Stored data:
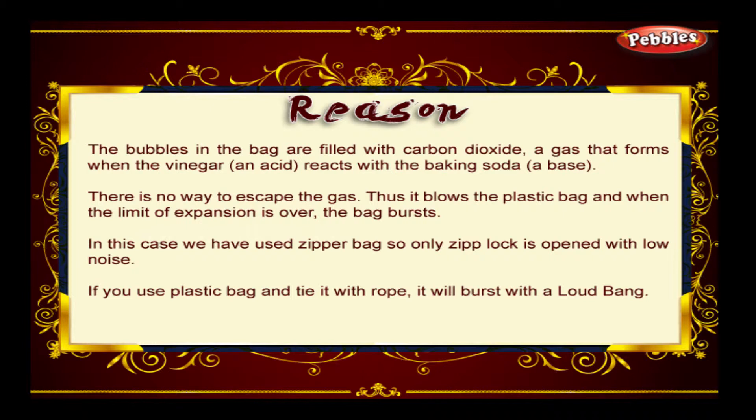In this case, we have used a zipper bag, so only the zip lock is opened with low noise. If you use a plastic bag and tie it with a rope, it will burst with a loud bang.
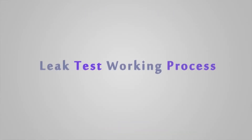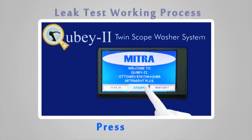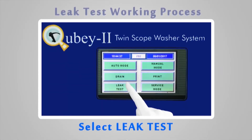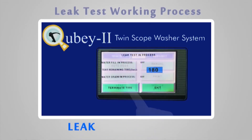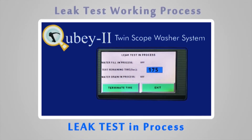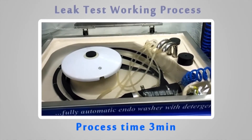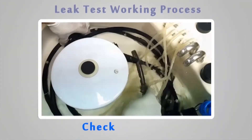Leak test working process: press Start, select Leak Test. Leak test is in process. Process time: 3 minutes. Check manually.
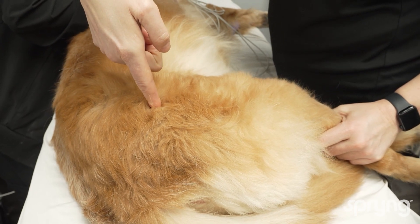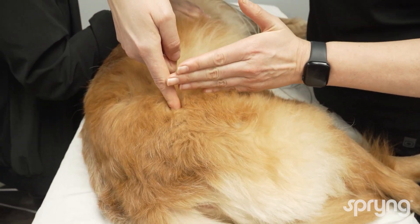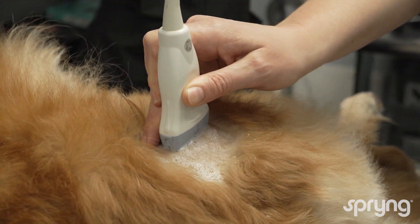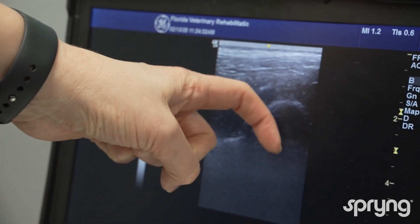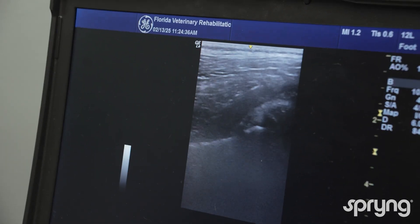Remember to avoid the caudal aspect of the joint due to the proximity of the sciatic nerve. Using an ultrasound, we can identify how deep the joint is going to be and visualize the landmarks. Identify the greater trochanter of the femur and note the joint line is deep to the proximal aspect.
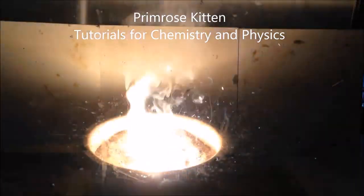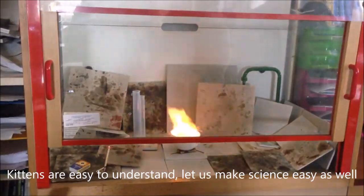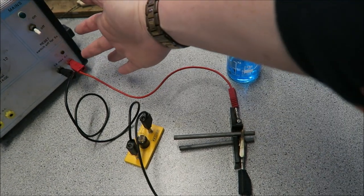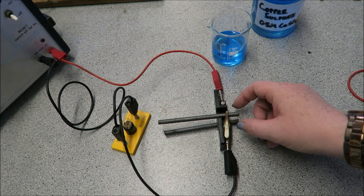Hey guys, today we are in the lab looking at electrolysis of copper sulphate. Here is what we need for electrolysis. We have our positive terminal here connected up to a graphite electrode.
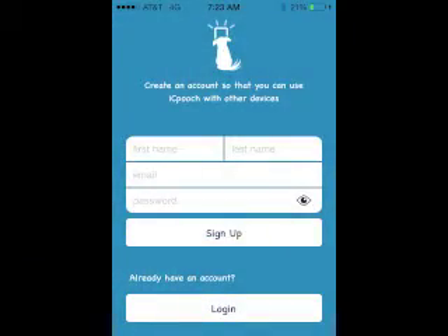When you install the app, the next step is to create your own account. Your username must be a valid email address and your password has to have 6 or more characters.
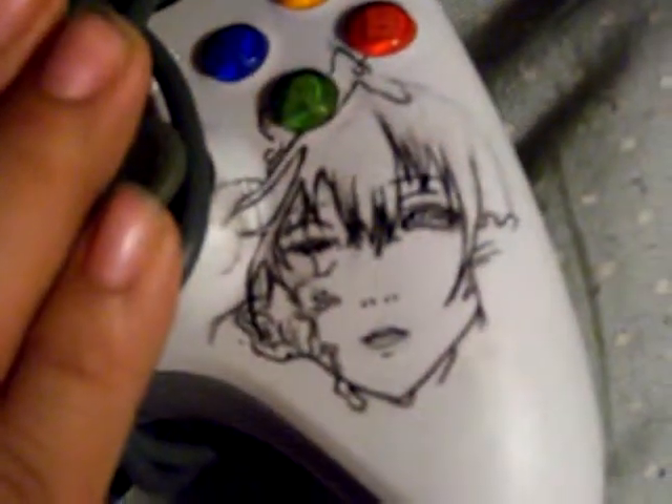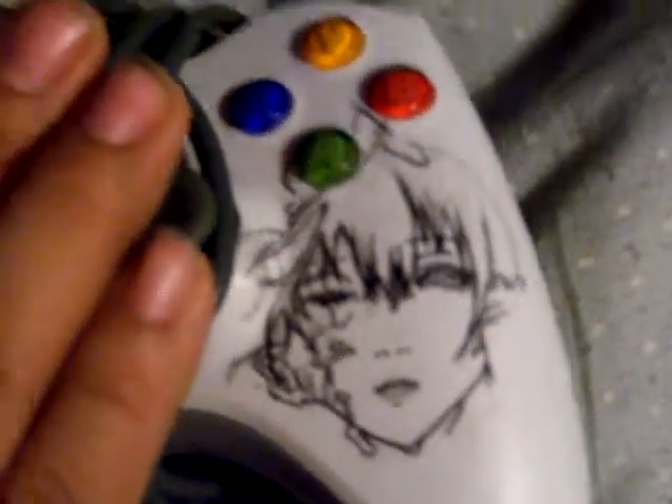I actually started on another project while that was drying. I think it's going to look really good. Thanks for watching. Make stuff original. Make it awesome. Peace.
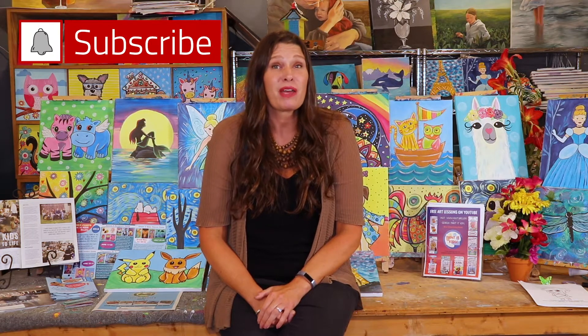Welcome to Painted Kids Studio where we make amazing art videos. Hit that subscribe button and ring that bell so you can be notified every time we post a new art video.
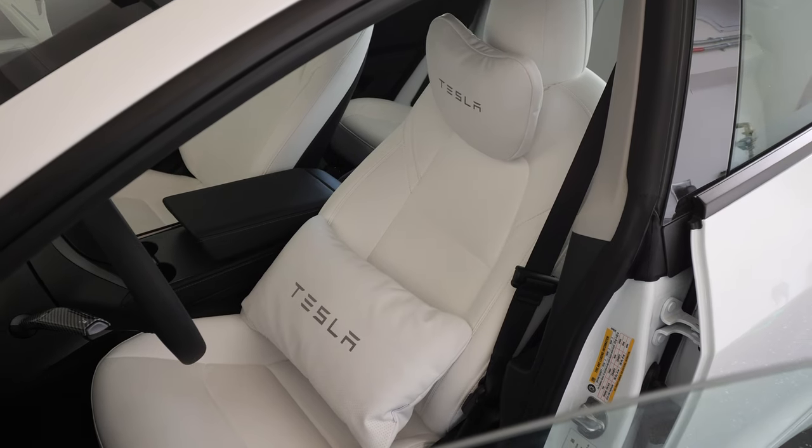If you're like me and your lower back hurts all the time when you're in a car for a long time, then I have a solution for you. Neck pillow, lower back pillow for your Tesla Model 3. Check this out.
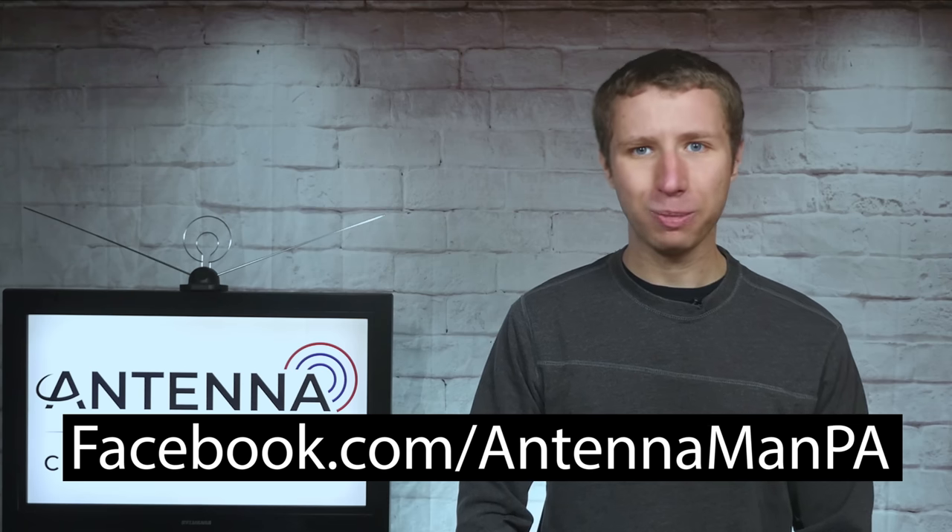If you're on Facebook, you can like my Facebook page at facebook.com/antennamanpa. If you're not on Facebook and would like to receive email updates whenever I post new videos, feel free to sign up to my email list — I've attached a link in the description of the video. Stay tuned to my YouTube channel for more antenna reviews, reception tips, and cord cutting information, and have an awesome day.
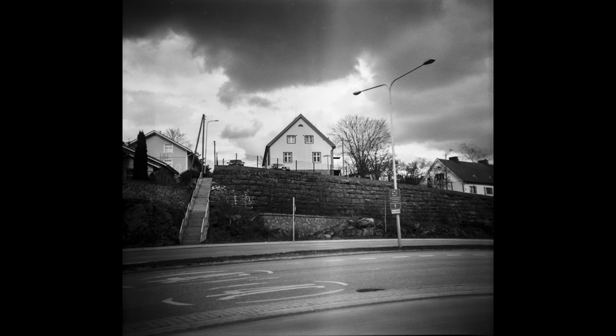This photo of a house on a small hill with quite dramatic clouds in the background — well, this is my favorite from this roll, and it was quite unplanned.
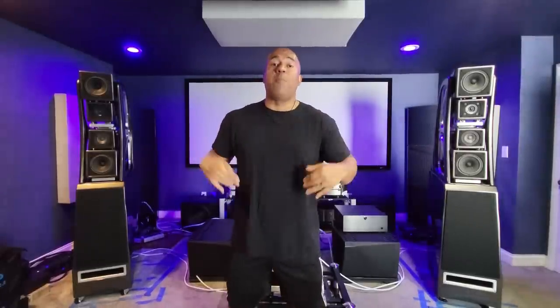That's all I got for today, guys. Have a beautiful rest of your day. I will continue to bring you more updated content. Please do not forget to check out my website jaysaudiolab.com, where I've already given you more behind-the-scenes content with regards to these speakers as well as the latest situation with my Boulder 3050 monos. Take care, and I will speak to you soon. Peace.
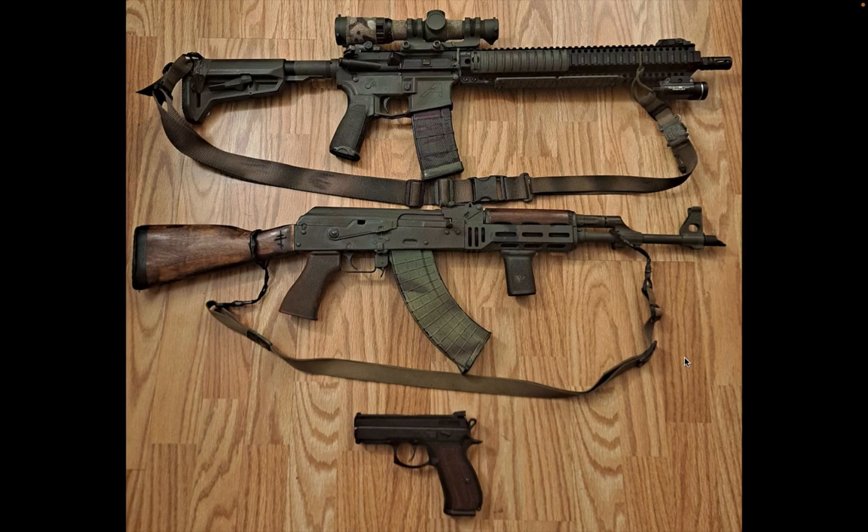This set of guns comes from an acquaintance of mine — let's just say these guns get put to use. Starting from the top: this is definitely a GPR. He's got an LPVO — I'm getting warmer to the idea of LPVOs but I'm still not quite there. This is a Primary Arms LPVO, a lower-end one, but it's going to be totally functional. He's got a pistol light on the rifle — he probably just had it lying around and threw it on.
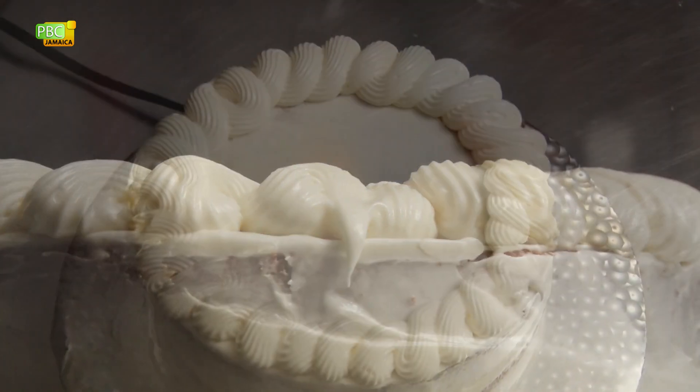Hi, I'm Alison from Sweet Mr Jamaica and today we'll be making an eggnog cake which is perfect for your Christmas celebration.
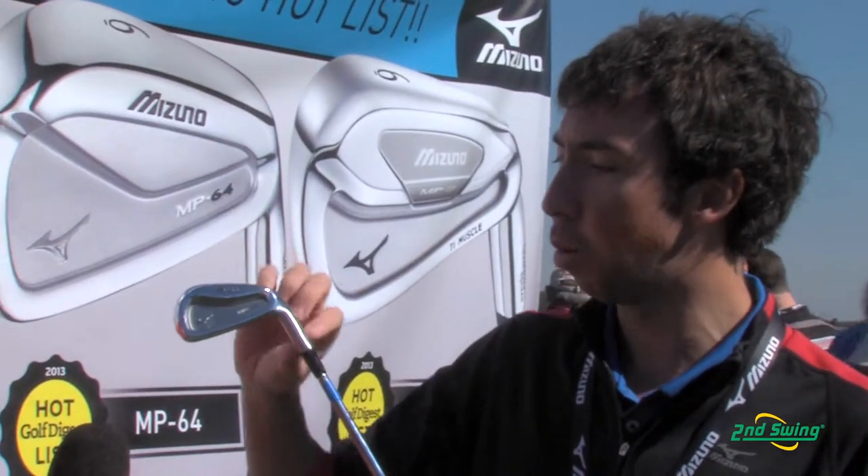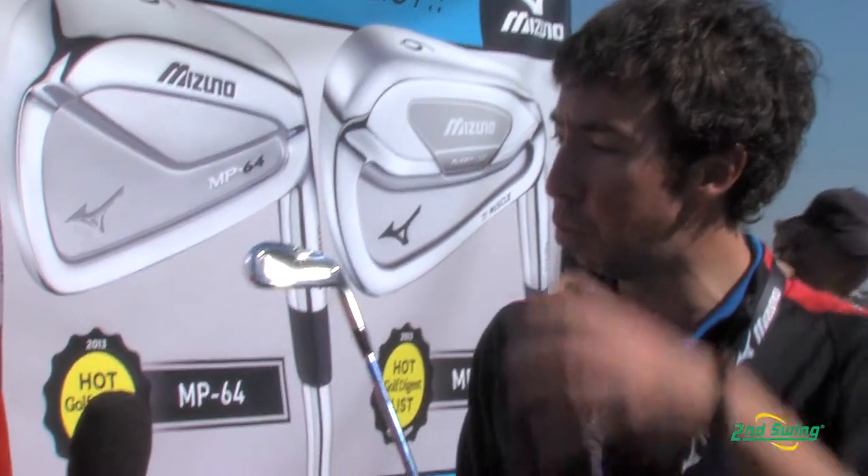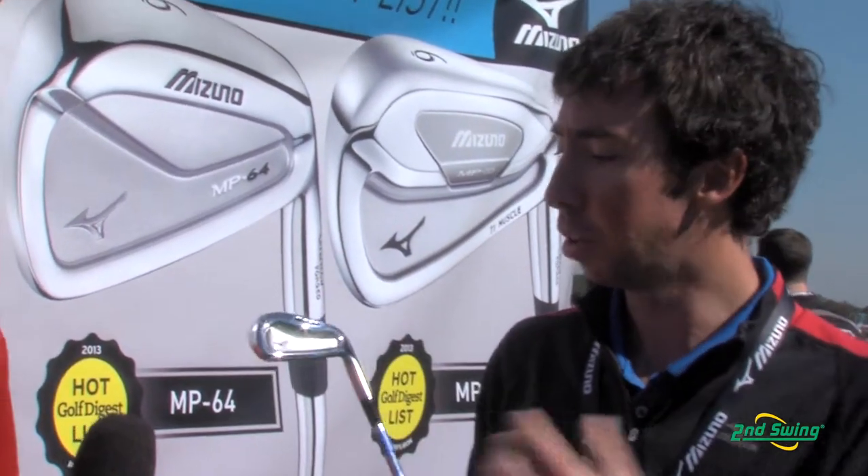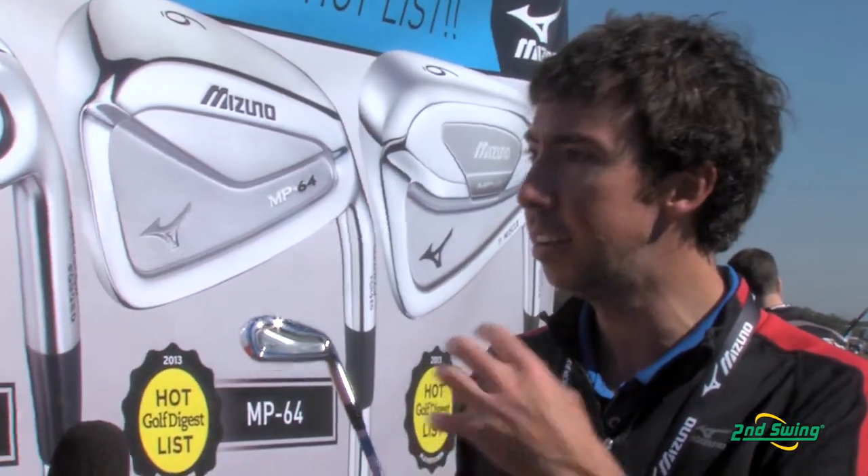The H4 is a really exciting launch for Mizuno. This is the first ever set of hollow MP irons we've ever done. It's hollow because it's got a forged face, neck, and sole, and it's got a welded back piece that actually leaves a bit of air inside. The benefit of a hollow golf club is you get a deeper center of gravity, and you've got a lot of weight to play with.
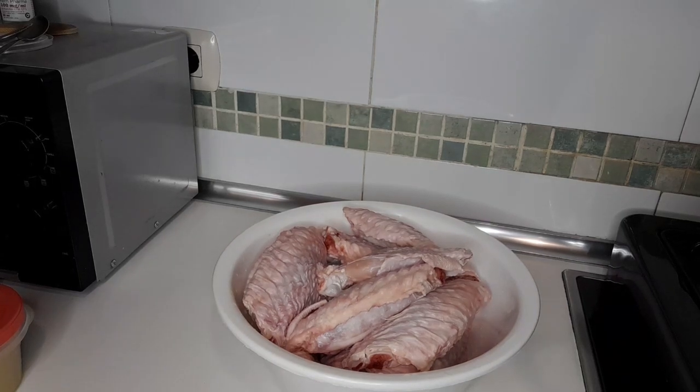Hi guys, welcome back to my YouTube channel. Quick one — how to make turkey wings without any frying. Please stay tuned guys.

**EXERCISE BRIEF**
Only the lines from the start of the records above through the line containing "Leak test working" should be returned, exactly and with both ends, please; the pictures stay out.

**WORKED SOLUTION**
In this case, we have used a zipper bag, so only the zip lock is opened with low noise. If you use a plastic bag and tie it with a rope, it will burst with a loud bang.
Leak test working process: press Start, select Leak Test. Leak test is in process. Process time: 3 minutes. Check manually.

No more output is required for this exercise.